『平家物語』と『鎌倉殿の13人』で学ぶ平安時代 対比で浮かび上がる“盛者必衰”

『平家物語』と『鎌倉殿』で学ぶ平安時代

 今、平安時代を学ぶ絶好の機会なのかもしれない。

 毎週水曜24時55分よりフジテレビでオンエア中のアニメ『平家物語』。舞台は平安末期。栄華を極めようとしていたのは、平家一門だ。権力、武力、財力、あらゆるものを手にし、怖いものなどないように思われた。あるとき、亡者が見える目を持つ平重盛は、未来が見える目を持つ琵琶法師の少女・びわに出会う。彼女が口にした予言は「お前たちはじきに滅びる」。

 一方、今年、三谷幸喜脚本で注目を浴びているのが大河ドラマ『鎌倉殿の13人』(NHK総合)だ。主人公は小栗旬演じる北条義時。源頼朝を支えていた人物のひとりであり、のちの鎌倉幕府の中心的存となる。物語は『平家物語』と同じく、平安時代末期からスタートしている。つまり、『平家物語』と『鎌倉殿の13人』を観ることで平家側と源氏側両方から、この時代を考察することができるのだ。

『平家物語』のそこはかとないものがなしさ

 平家と言えば平清盛だが、主人公となるのは琵琶法師の少女・びわだ。彼女は平家が辿る末路を見て知っている。最初は平家に対して良い印象を持っていなかったびわだが、その中で、心を通わせていく人物もいる。平清盛の長男・平重盛は真面目で人柄も良い。重盛のもとで暮らすことで重盛の子どもたちとも親しくなっていく。

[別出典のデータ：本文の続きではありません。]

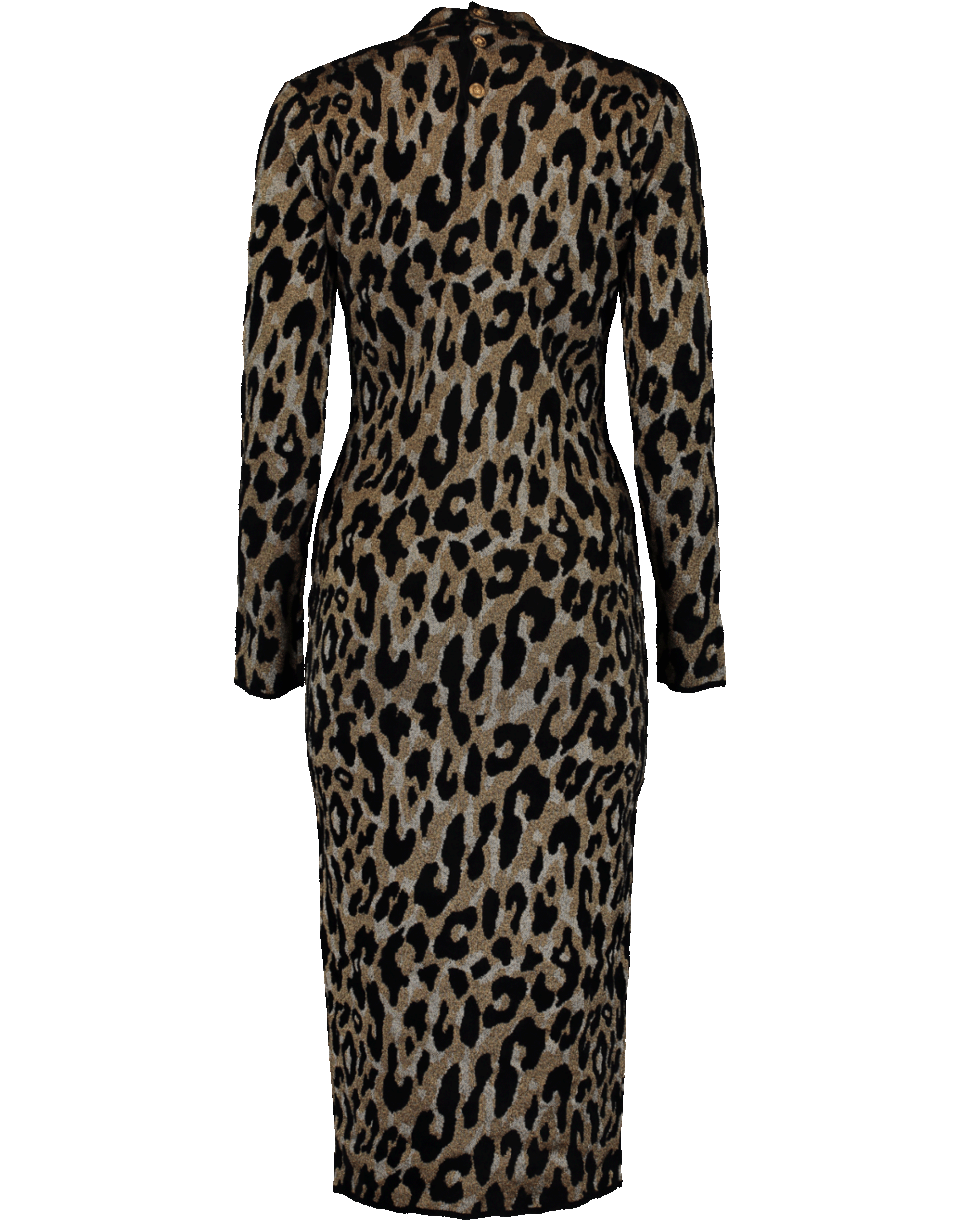 VERSACE-Leopard Knit Dress-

 びわ自体は架空の人物であるので、物語(歴史)の本筋とは関係ないと言えるのかもしれない。未来を知っている分、視聴者との目線は近い。だが、未来を知りながら、滅びゆく人たちと過ごすことの悲しさを思うと胸が痛む。

 また、びわは重盛の異母妹である徳子をとても慕っている。しかし、びわは徳子がうず潮に飲み込まれていく未来を見てしまう。徳子は明るく、聡明な素敵な女性だが、それゆえに政の道具として扱われてしまう。徳子の運命を知っていながらも、幸せになってほしいと思ってしまうが、実際に、徳子の人生は波乱万丈なものとなる。

 そんな優しい人たちとびわの心の交流を描く一方で、平清盛の姿はグロテスクだ。柔らかなタッチで描かれる作品であるからだろうか。余計にその傲慢さが際立つ。おごり高ぶり、自分が神になったかのようなふるまい。そして人が離れていく。これでは平家の没落は仕方がない、と思わせられる。

 ひたひたと近づいてくる最期のとき。びわも、視聴者もそれが分かっているから、どうしてももの悲しさを感じずにはいられない。